Writing the Bethel Story
This month, a project that has been years in the making will come to fruition. “With Christ at the Helm: The Story of Bethel College,” written by Dennis Engbrecht, Ph.D., professor of history, details God’s transformative work through the people and students of Bethel College from its founding in 1947 to today.
Engbrecht was commissioned to write the history by former President Steven Cramer, Ph.D. ’75, prior to Cramer’s retirement in 2013. This was at the same time Engbrecht transitioned from his senior vice president role to professor.
“It was actually written into my faculty contract [to write the book] and then President Chenoweth affirmed that commission,” Engbrecht says. “I got to do the two things I loved most: get back to the classroom and write!”

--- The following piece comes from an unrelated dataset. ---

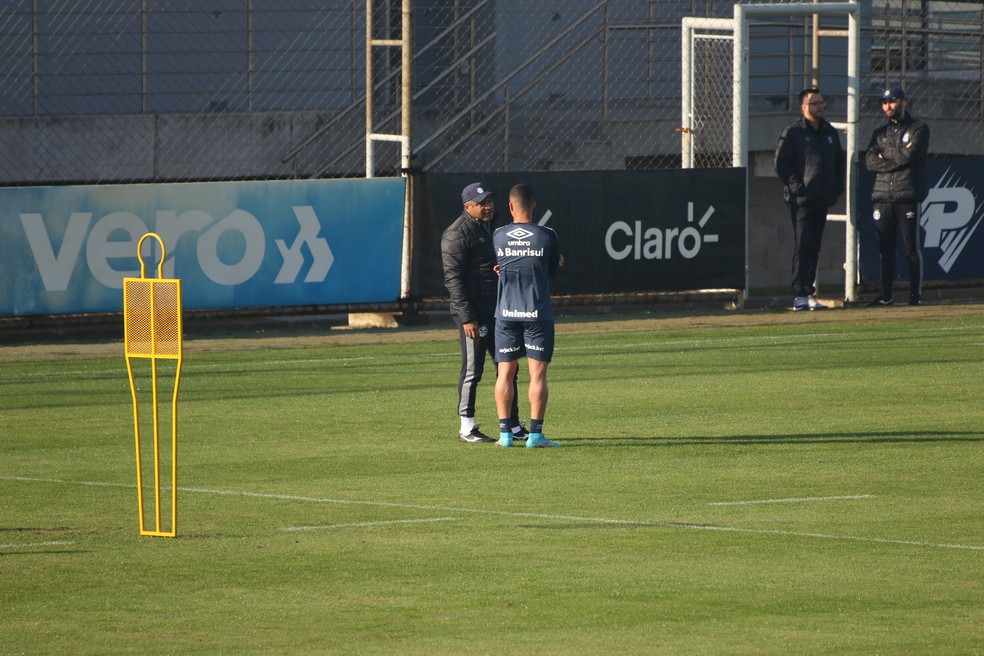 Roger Machado tem conversa reservada com Varela, enquanto Kannemann e Geromel não participam de treinamento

Engbrecht has deep Bethel connections. He came to campus with his family in 1951, when his father was a student, and spent his early years on the grounds. He became well acquainted with several of the college’s founders. Engbrecht studied at Bethel from 1967-1970; he returned in 1986 as vice president for student development and has served the college in various roles for nearly 31 years.
Before he began to write, Engbrecht did a significant amount of research, spending countless hours in the college archives, going through everything from Board minutes to looking through student newspapers and yearbooks.

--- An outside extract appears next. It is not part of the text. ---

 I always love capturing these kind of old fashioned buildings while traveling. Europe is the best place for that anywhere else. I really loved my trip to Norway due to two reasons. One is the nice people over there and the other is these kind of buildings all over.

Next, he conducted extensive interviews with people who had lived throughout Bethel’s history: Virginia Krake
’49, Gordon Bacon ’49, Jim Bennett ’61, Al Beutler ’51 … among many others. He was also able to use notes from his interview in the 1980s with Stanley Taylor, a professor an and administrator at the college’s founding.
“Every time I would write something from an era, I would have someone from that era read it and [I would] ask, was it accurate and was it fair?”
Throughout his research, Engbrecht noticed the following theme: “The perseverance of God — the presence of God. The persistence of God to be faithful, even when the campus was going through struggle.”
The book is published by Bethel Publishing House*, with printing funded through a generous grant from the Muselman Family Foundation. It will be available April 24.
*Bethel Publishing House, founded by J.A. Huffman in 1907, is the dormant publishing wing of the Missionary Church. Used by special permission.